(Information supplied Opens)

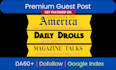 guest post dailydrolls, magazinetalks, overpassesforamerica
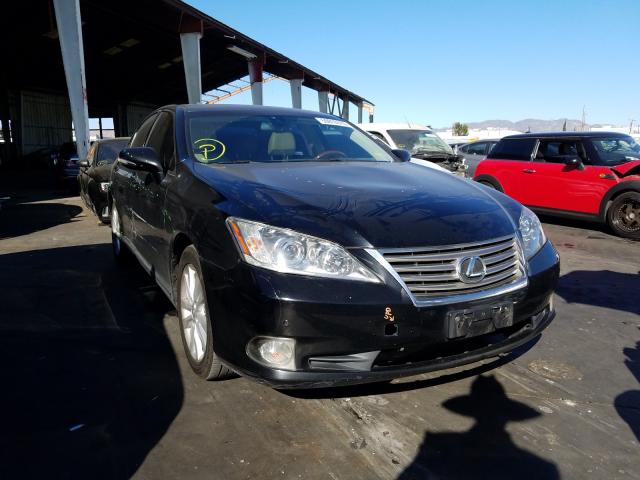 lexus es 350 2011 jthbk1eg9b2422711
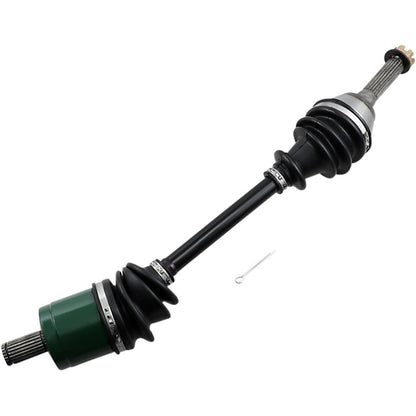 Moose Offroad Complete Axle Kit for Polaris [MPN: 0214-1654]_284154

(Information supplied Closes)

When you return the listing, keep it exact and omit any pictures it holds.

 guest post dailydrolls, magazinetalks, overpassesforamerica
 lexus es 350 2011 jthbk1eg9b2422711
 Moose Offroad Complete Axle Kit for Polaris [MPN: 0214-1654]_284154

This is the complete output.